A Four Letter Word Called Love

It seems an impossible task to rescue love from the rubble of hate and negativity that currently liters our world at the fault of media, television or even presidential candidates.
While I wouldn’t necessarily see myself as having a shortage of emotions around me-being a teenage girl and all-I uncovered as of recent my distraction by the bad of the world and my loss of touch of the most human essence we all possess; love.

A favorite column my Mom Mom and Pop Pop used to read in the New York Times, is titled “Modern Love” covering stories of love, whether romantic, familial or whatever definition you please. This week’s addition highlighted the story of a woman through a rather abrupt breakup. Unlike the sappy love stories I’m accustomed to this piece ended without a resolution or rather, with a sad tone. I instantly regretted reading this because I knew how triggering it would be for my Pop Pop after the loss of my Mom Mom, his soul mate of 40 years. However, nothing could have prepared me for the simple words he said after I finished. “That made me sad…” he told me after a long pause, and for some reason those words, although plagued with undeniable grief and sadness for the love he lost, helped me remember that the world is a place of immense love.
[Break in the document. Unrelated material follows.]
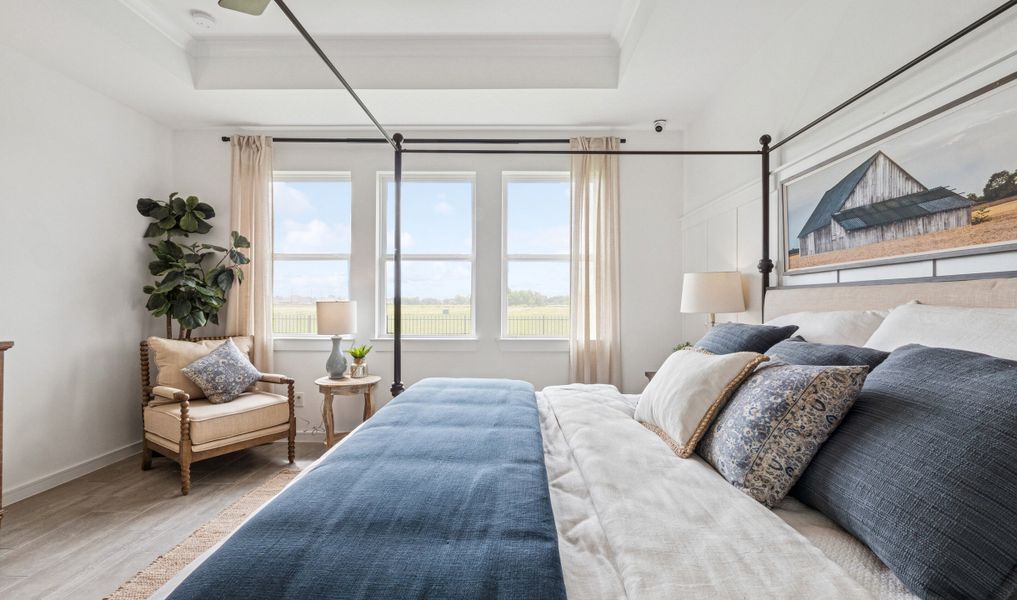 Primary suite with tray ceiling Primary suite with tray ceiling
It reminded me of how physically overcoming my love is when I discover something I’m passionate about. How when, at the height of my Arabic studies, I felt a love for unknown knowledge that was so conquering I was unable to put into words. It reminded me how the endless love and appreciation that radiates from my closest friendships has been transformative to my self-esteem. It reminded me of how intense my parents love for one another is and that when my dad defends my mom when she and I are fighting it’s because he wants to protect “his girl”-as he endearingly calls her-from all things ugly because he loves her too much to see her upset. It reminded me that there’s no emotion more deeply felt or more intensely yearned for than love and that it’s the sentiment most essential to carry within you in every endeavour.

My dad often tells me that I feel things more deeply than most and while he’s usually referring to my feelings of anger or angst, I take it to mean love. For just a moment I got caught up in all the hate and anger in the world and lost my greatest power as a human; my power to feel every little thing, whether that’s sadness or frustration or enthusiasm or even love, so deeply that it overcomes me. It’s almost poetic how words heavy with such immense grief as “That made me sad…” can help me remember that there is still indeed love in this world.